Unreliability of self-reported user data

Many people are bad at estimating how often and how long they’re on the phone. Interestingly, you can predict who will overestimate and who will underestimate their phone usage, according to the 2009 study, “Factors influencing self-report of mobile phone use” by Dr Lada Timotijevic et al. For this study, a self-reported estimate is considered  accurate if it is within 10% of the actual number:

Defining 'accuracy'

Underestimated Accurate Overestimated
Number of phone calls (number of people) (number of people) (number of people)
High user 71% 10% 19%
Medium user 53% 21% 26%
Low user 33% 16% 51%
Duration of phone calls
High user 41% 20% 39%
Medium user 27% 17% 56%
Low user 13% 6% 81%

If people are bad at estimating their phone use, does this mean that people are bad at all self-reporting tasks?

Not surprisingly, it depends how long it’s been since the event they’re trying to remember.
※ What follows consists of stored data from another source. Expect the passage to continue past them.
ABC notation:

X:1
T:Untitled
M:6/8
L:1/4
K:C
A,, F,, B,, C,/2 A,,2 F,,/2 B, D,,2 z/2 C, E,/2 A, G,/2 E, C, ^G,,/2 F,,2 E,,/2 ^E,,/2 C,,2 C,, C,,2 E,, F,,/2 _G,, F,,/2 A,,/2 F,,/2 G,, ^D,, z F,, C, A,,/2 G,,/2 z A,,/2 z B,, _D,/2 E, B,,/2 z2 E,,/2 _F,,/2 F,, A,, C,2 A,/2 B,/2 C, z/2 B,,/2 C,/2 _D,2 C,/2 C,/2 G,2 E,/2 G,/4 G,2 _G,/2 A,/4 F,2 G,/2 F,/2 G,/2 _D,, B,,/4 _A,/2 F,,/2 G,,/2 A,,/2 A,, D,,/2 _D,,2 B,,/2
It also depends on other factors. Here are some factoids that should convince you to be careful with self-reported user data that you collect.
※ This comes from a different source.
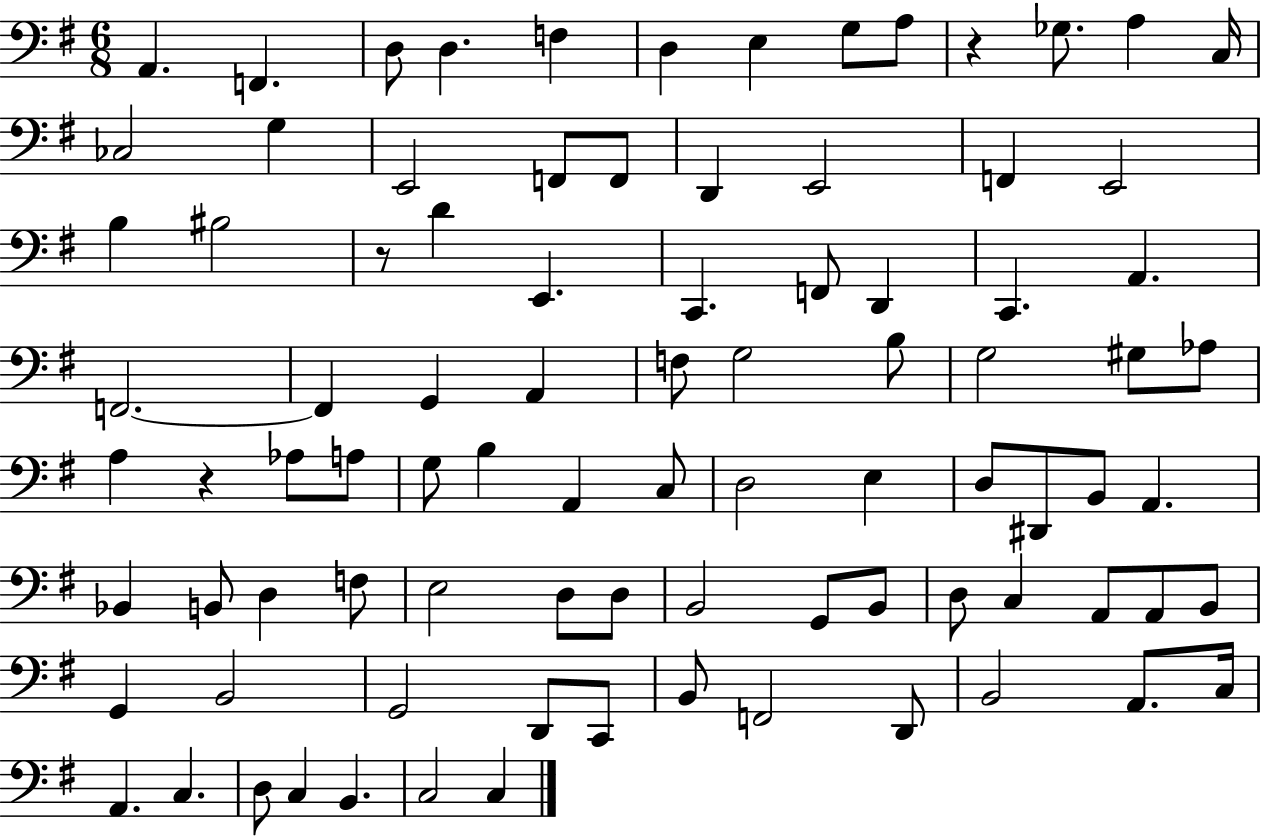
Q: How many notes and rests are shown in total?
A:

What’s the problem with self-reported data?

On questions that ask respondents to remember and count specific events, people frequently have trouble because their ability to recall is limited. Instead of answering “I’m not sure,” people typically use partial information from memory to construct or infer a number. In 1987, N.M. Bradburn et al found that U.S. respondents to various surveys had trouble answering such questions as:

  • During the last 2 weeks, on days when you drank liquor, about how many drinks did you have?
  • During the past 12 months, how many visits did you make to a dentist?
  • When did you last work at a full-time job?

To complicate matters, not all self-report data is suspect. Can you predict which data is likely to be accurate or inaccurate?
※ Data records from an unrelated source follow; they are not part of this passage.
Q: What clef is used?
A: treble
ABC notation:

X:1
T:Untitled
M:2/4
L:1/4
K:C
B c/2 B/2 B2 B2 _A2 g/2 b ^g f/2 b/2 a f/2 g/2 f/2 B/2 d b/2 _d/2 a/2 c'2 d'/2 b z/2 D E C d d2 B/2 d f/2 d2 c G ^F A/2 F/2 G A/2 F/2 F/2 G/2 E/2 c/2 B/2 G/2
  • Self-reported Madagascar crayfish harvesting—quantities, effort, and harvesting locations—collected in interviews was shown reliable (2008, Julia P. G. Jones et al).
  • Self-reported eating behaviour by people with binge-eating disorders was shown “acceptably” reliable, especially for bulimic episodes (2001, Carlos M. Grilo et al).
  • Self-reported condom use was shown accurate over the medium term, but not in the short term or long term (1995, James Jaccard et al).
  • Self-reported numbers of sex partners were underreported and sexual experiences and condom use overreported a year later when compared to self-reported data at the time (2002, Maryanne Garry et al).
  • Self-reported questions about family background, such as father’s employment, result in “seriously biased” research findings in studies of social mobility in The Netherlands—by as much as 41% (2008, Jannes Vries and Paul M. Graaf).
  • Participation in a weekly worship service is overreported in U.S. polls. Polls say 40% but attendance data says 22% (2005, C. Kirk Hadaway and Penny Long Marler).
Can you improve self-reported data that you collect?

Yes, you can. Consider these:

  • Decomposition into categories. Estimates of credit-card spending gets more accurate if respondents are asked for separate estimates of their expenditures on, say, entertainment, clothing, travel, and so on (2002, J. Srivastava and P. Raghubir ).
  • For your quantitative or qualitative usability research or other user research, it’s easy to write your survey questions or your lines of inquiry so they ask for data in a decomposited form.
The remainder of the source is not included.